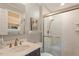 Well lit bathroom with glass-enclosed shower, modern fixtures, and a floating shelf with wall art at 5709 Lakehaven Dr, Raleigh, NC 27612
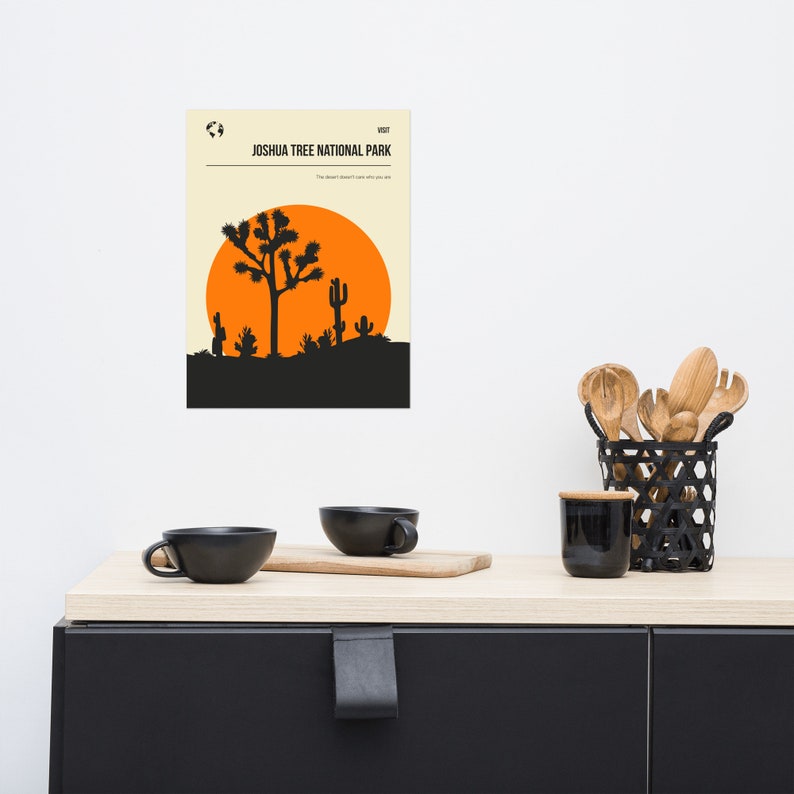 May include: A minimalist poster with a black silhouette of a Joshua Tree and cacti against an orange sunset. The text "VISIT JOSHUA TREE NATIONAL PARK" is at the top of the poster. The text "The desert doesn't care why you are here" is below the image.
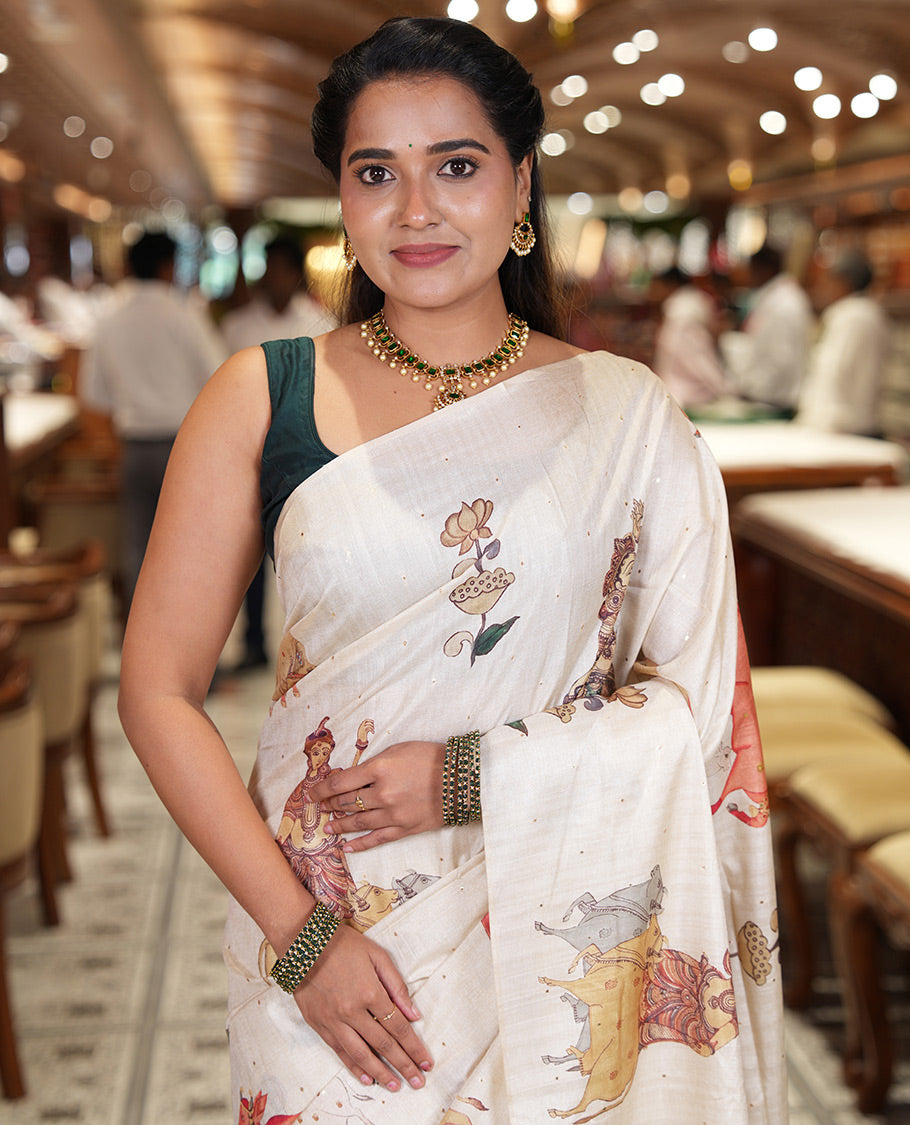 Borderless Cream Semi-Tussar Saree, Artfully Printed with Ancient Human Figurines, Floral, and Pichwai Cow on Its Body, Highlighted by Kalamkari-Style Human Motifs Printed Pallu, and Paired with a Matching Pichwai Cow Printed Blouse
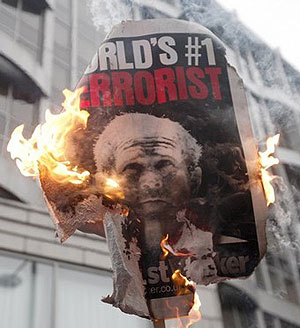 A placard bearing a portrait of U.S. President George Bush is burned outside the Israeli Embassy during a demonstration against the conflict in Gaza, in London 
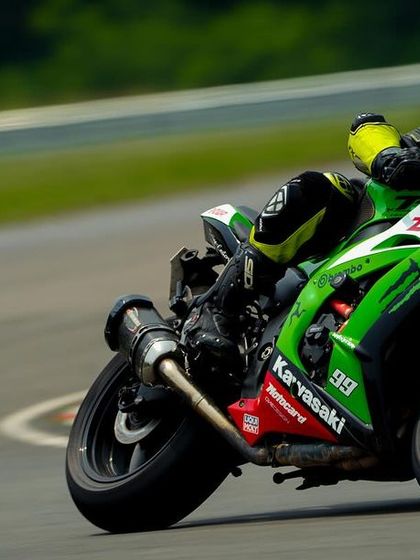 A green Kawasaki ZX-10R with full race livery leans hard into a corner, showing what a track-prepped machine can do.
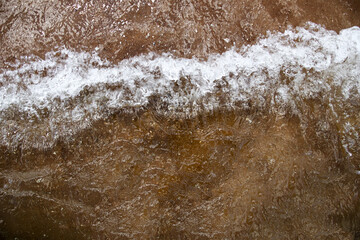 Brown sea waves rolling gently, creating a natural texture of water movement and earthy tones. serene coastal scene with soft wave patterns. Sea storm background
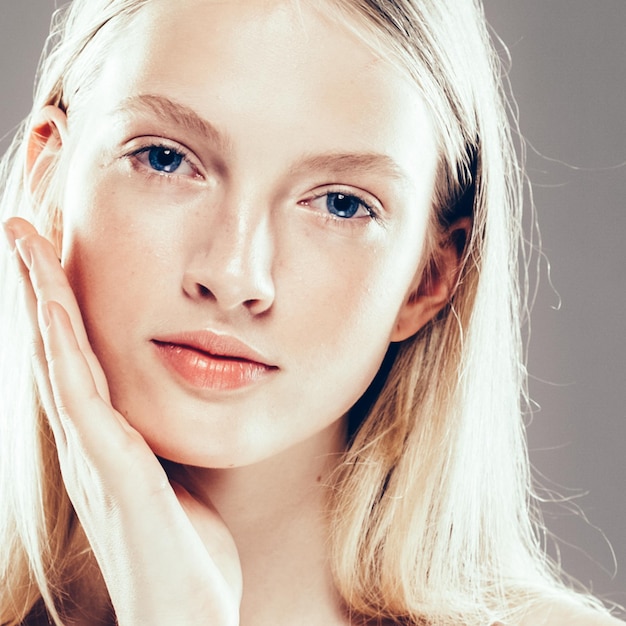 Belle femme visage Portrait Beauté Soins de la peau Concept.avec les mains Mannequin de beauté avec de beaux cheveux sur fond gris. Prise de vue en studio.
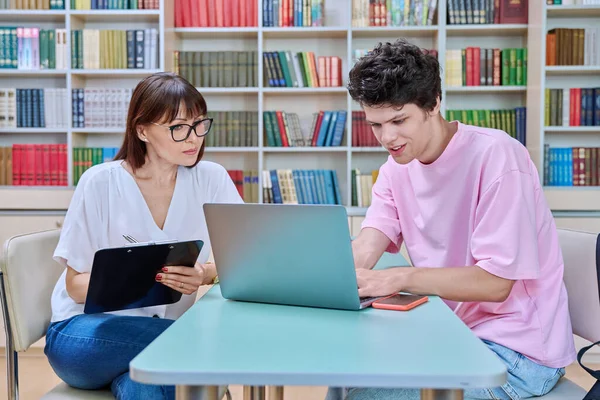 Mature female college counselor, social worker talking with student young male, meeting in library office. Youth mental health, psychology, psychotherapy, help, consultation, mentorship concept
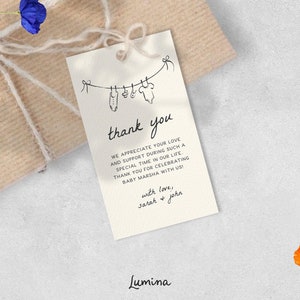 May include: A white thank you card with black text and a simple line drawing of baby clothes hanging on a clothesline. The text reads "thank you" and "We appreciate your love and support during such a special time in our life. Thank you for celebrating baby Marsha with us!" with love, Sarah & John. Lumina.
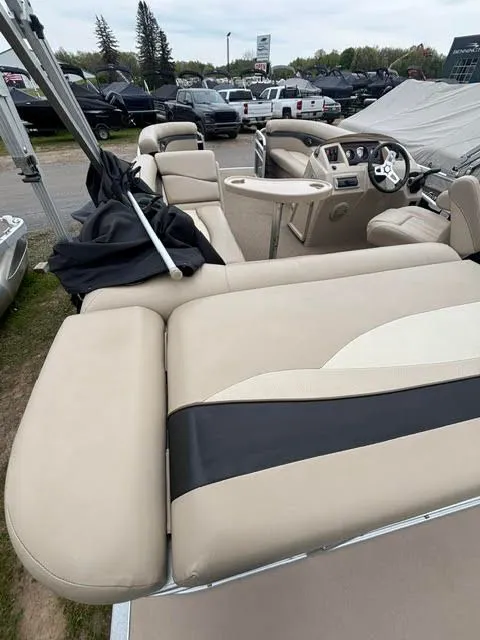 Slide: The Image of Interior of a 2013 Bennington 20SLMX pontoon boat with beige seating. - 11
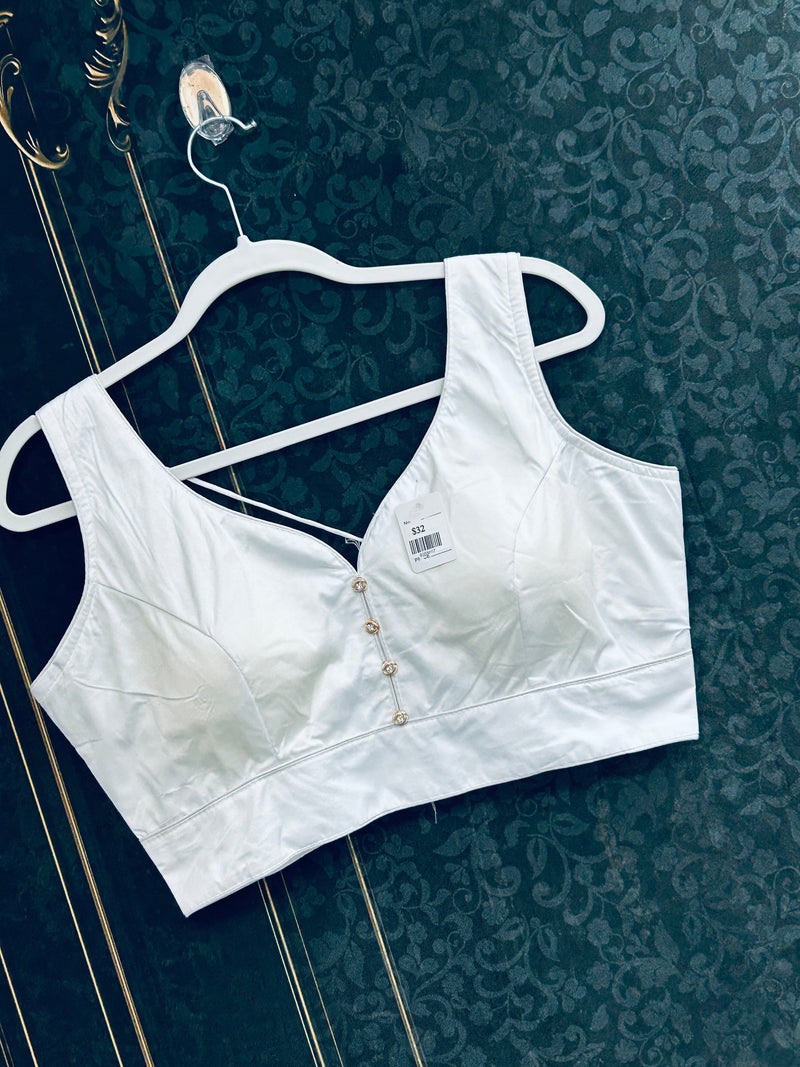 White sleeveless blouse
• • • • • • •
[Task directions] All entries above must be printed again verbatim, with images excluded.

[Exercise solution]
 Well lit bathroom with glass-enclosed shower, modern fixtures, and a floating shelf with wall art at 5709 Lakehaven Dr, Raleigh, NC 27612
 May include: A minimalist poster with a black silhouette of a Joshua Tree and cacti against an orange sunset. The text "VISIT JOSHUA TREE NATIONAL PARK" is at the top of the poster. The text "The desert doesn't care why you are here" is below the image.
 Borderless Cream Semi-Tussar Saree, Artfully Printed with Ancient Human Figurines, Floral, and Pichwai Cow on Its Body, Highlighted by Kalamkari-Style Human Motifs Printed Pallu, and Paired with a Matching Pichwai Cow Printed Blouse
 A placard bearing a portrait of U.S. President George Bush is burned outside the Israeli Embassy during a demonstration against the conflict in Gaza, in London 
 A green Kawasaki ZX-10R with full race livery leans hard into a corner, showing what a track-prepped machine can do.
 Brown sea waves rolling gently, creating a natural texture of water movement and earthy tones. serene coastal scene with soft wave patterns. Sea storm background
 Belle femme visage Portrait Beauté Soins de la peau Concept.avec les mains Mannequin de beauté avec de beaux cheveux sur fond gris. Prise de vue en studio.
 Mature female college counselor, social worker talking with student young male, meeting in library office. Youth mental health, psychology, psychotherapy, help, consultation, mentorship concept
 May include: A white thank you card with black text and a simple line drawing of baby clothes hanging on a clothesline. The text reads "thank you" and "We appreciate your love and support during such a special time in our life. Thank you for celebrating baby Marsha with us!" with love, Sarah & John. Lumina.
 Slide: The Image of Interior of a 2013 Bennington 20SLMX pontoon boat with beige seating. - 11
 White sleeveless blouse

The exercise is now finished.